* EXERCISE AIM
What you return should be the lines from the one with "Mastering PHP 7" through the one with "Chapter 19 Page 97" in the data below, reproduced exactly with both ends, and no pictures at all.

*** Opening of DATASET EXCERPTS ***

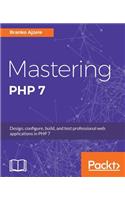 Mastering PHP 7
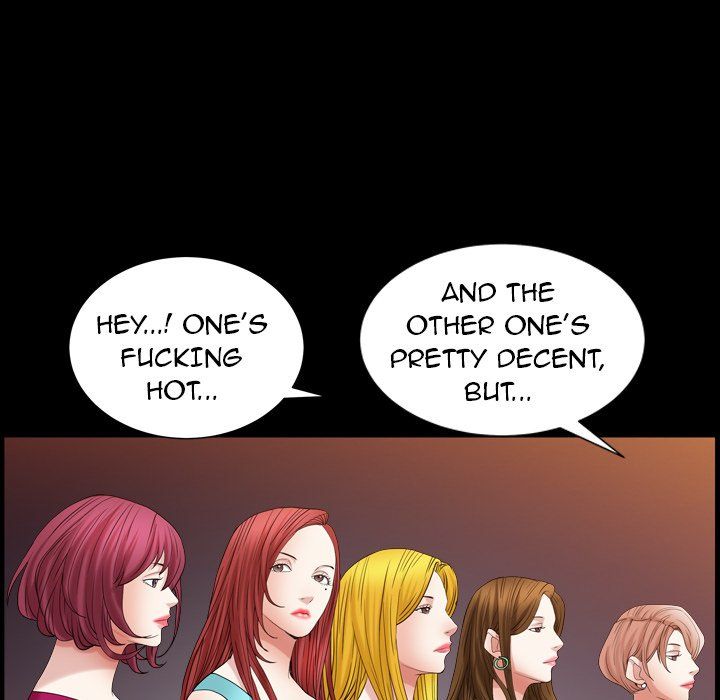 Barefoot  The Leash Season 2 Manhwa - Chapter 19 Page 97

*** Close of DATASET EXCERPTS ***
*** Opening of DATASET EXCERPTS ***

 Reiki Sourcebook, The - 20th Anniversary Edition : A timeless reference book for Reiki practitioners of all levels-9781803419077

*** Close of DATASET EXCERPTS ***

* ANSWER FOR THE TASK
 Mastering PHP 7
 Barefoot  The Leash Season 2 Manhwa - Chapter 19 Page 97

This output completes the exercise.